- Entries supplied -
+++
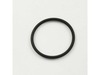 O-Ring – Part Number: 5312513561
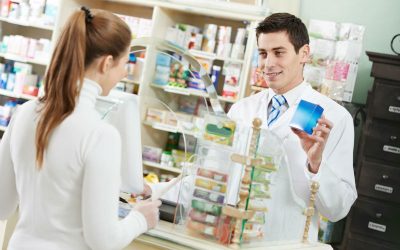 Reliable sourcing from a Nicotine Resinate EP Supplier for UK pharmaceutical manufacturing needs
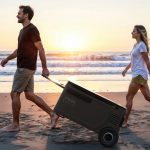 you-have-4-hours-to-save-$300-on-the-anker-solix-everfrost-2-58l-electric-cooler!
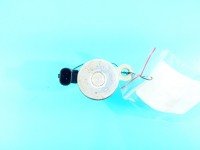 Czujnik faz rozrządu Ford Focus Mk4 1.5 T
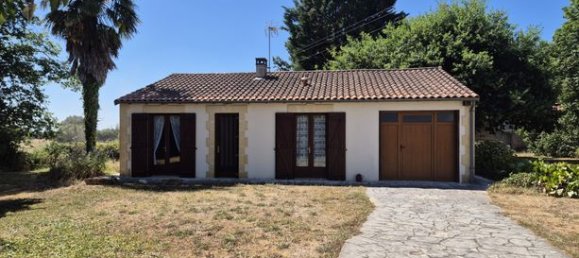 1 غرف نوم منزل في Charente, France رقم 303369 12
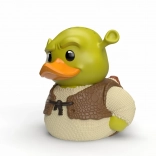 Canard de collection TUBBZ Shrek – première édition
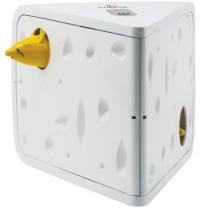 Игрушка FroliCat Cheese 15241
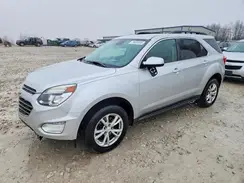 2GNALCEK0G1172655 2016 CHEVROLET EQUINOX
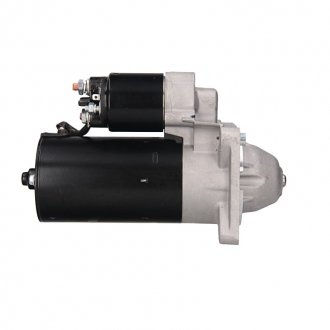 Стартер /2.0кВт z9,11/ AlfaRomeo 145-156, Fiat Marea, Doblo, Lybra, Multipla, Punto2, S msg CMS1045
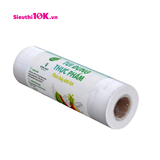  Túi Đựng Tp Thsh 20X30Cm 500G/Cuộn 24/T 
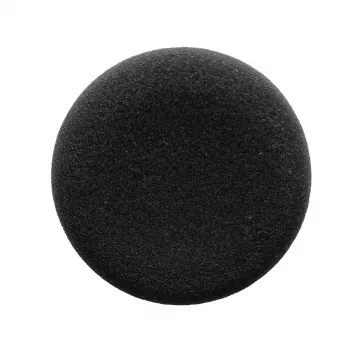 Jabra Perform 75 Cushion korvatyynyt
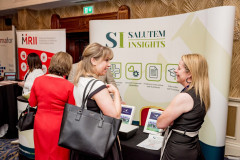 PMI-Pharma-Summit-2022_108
+++
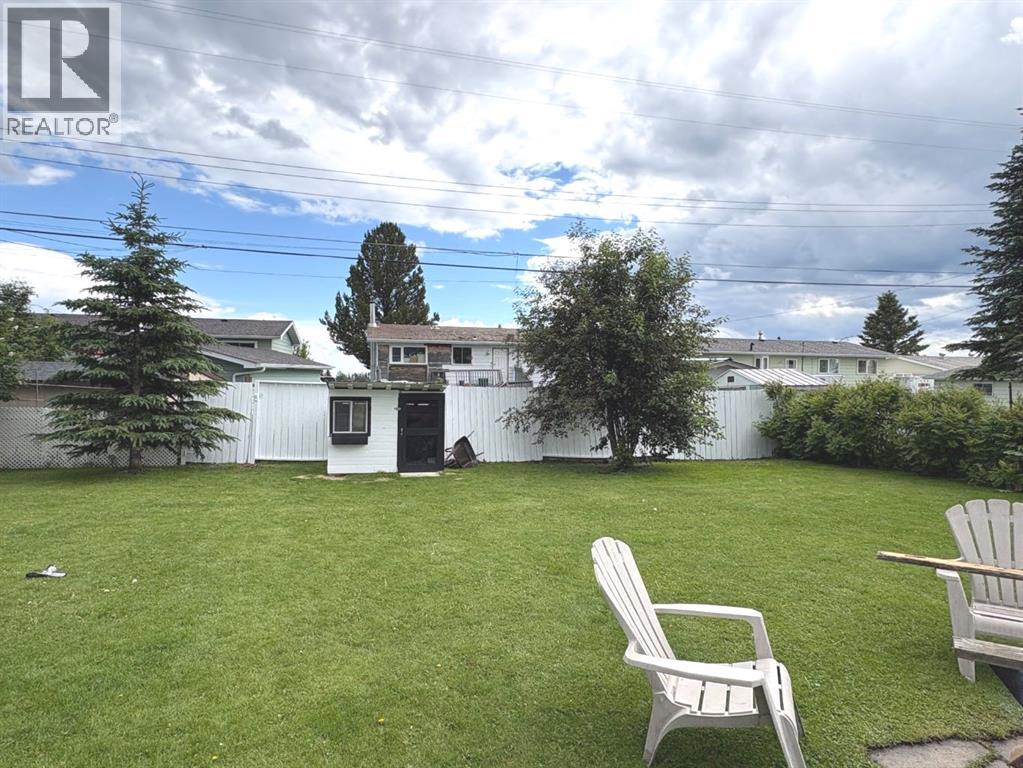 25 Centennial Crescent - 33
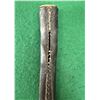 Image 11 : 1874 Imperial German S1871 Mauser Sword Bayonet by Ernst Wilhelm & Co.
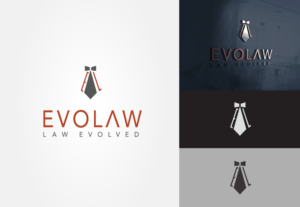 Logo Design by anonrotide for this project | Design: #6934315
+++
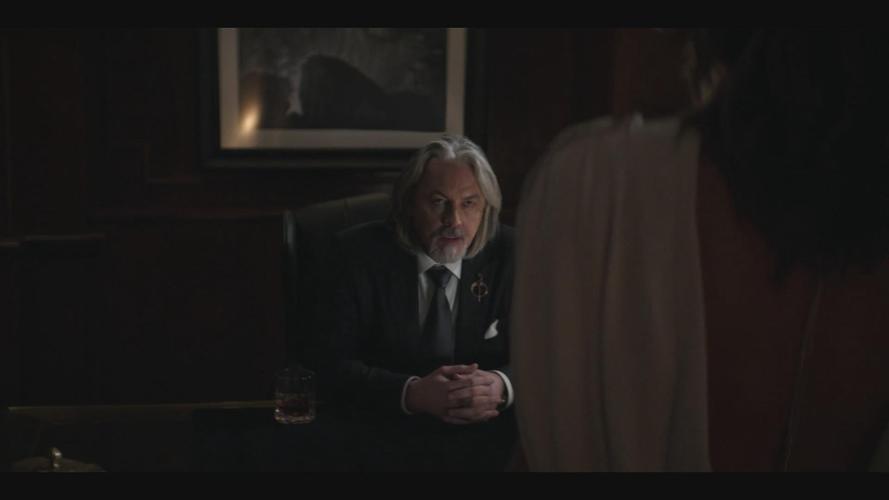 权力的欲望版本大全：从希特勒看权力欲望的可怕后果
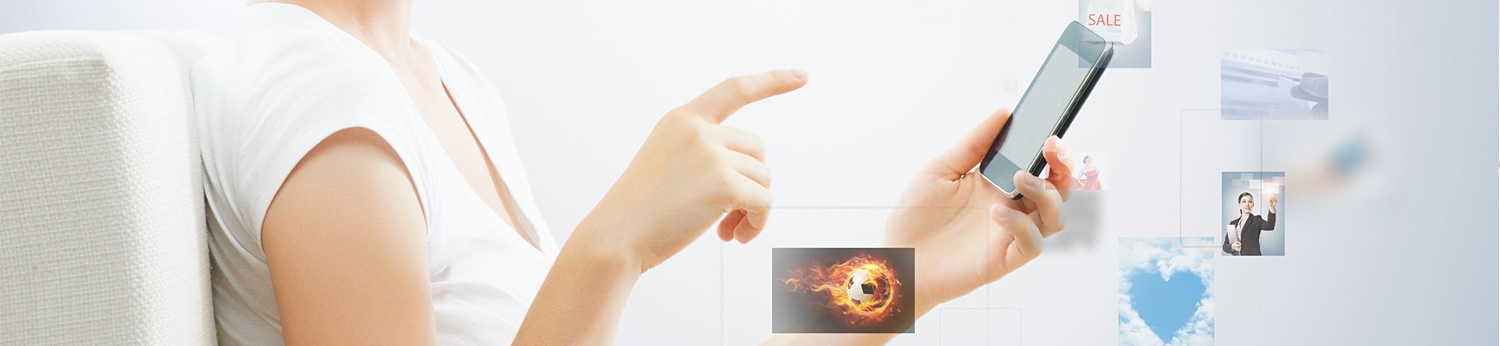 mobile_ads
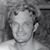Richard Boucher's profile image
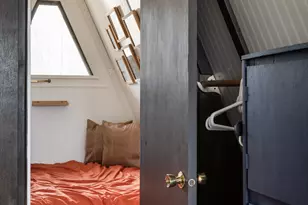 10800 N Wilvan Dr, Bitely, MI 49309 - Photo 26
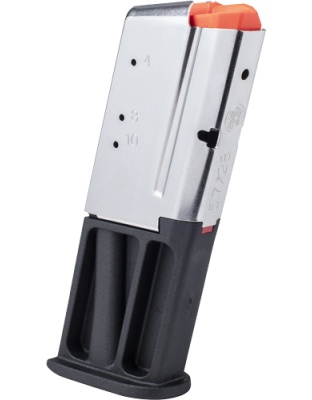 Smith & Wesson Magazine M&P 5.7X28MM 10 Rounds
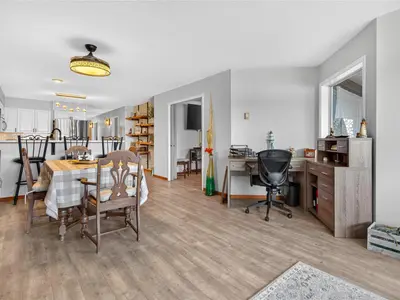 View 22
+++
- Description of the task -
Only one stretch of the data is wanted: write out exactly the lines from the one holding "O-Ring – Part Number: 5312513561" through the one holding "2GNALCEK0G1172655 2016 CHEVROLET EQUINOX", both included, without the pictures.

- Reply -
 O-Ring – Part Number: 5312513561
 Reliable sourcing from a Nicotine Resinate EP Supplier for UK pharmaceutical manufacturing needs
 you-have-4-hours-to-save-$300-on-the-anker-solix-everfrost-2-58l-electric-cooler!
 Czujnik faz rozrządu Ford Focus Mk4 1.5 T
 1 غرف نوم منزل في Charente, France رقم 303369 12
 Canard de collection TUBBZ Shrek – première édition
 Игрушка FroliCat Cheese 15241
 2GNALCEK0G1172655 2016 CHEVROLET EQUINOX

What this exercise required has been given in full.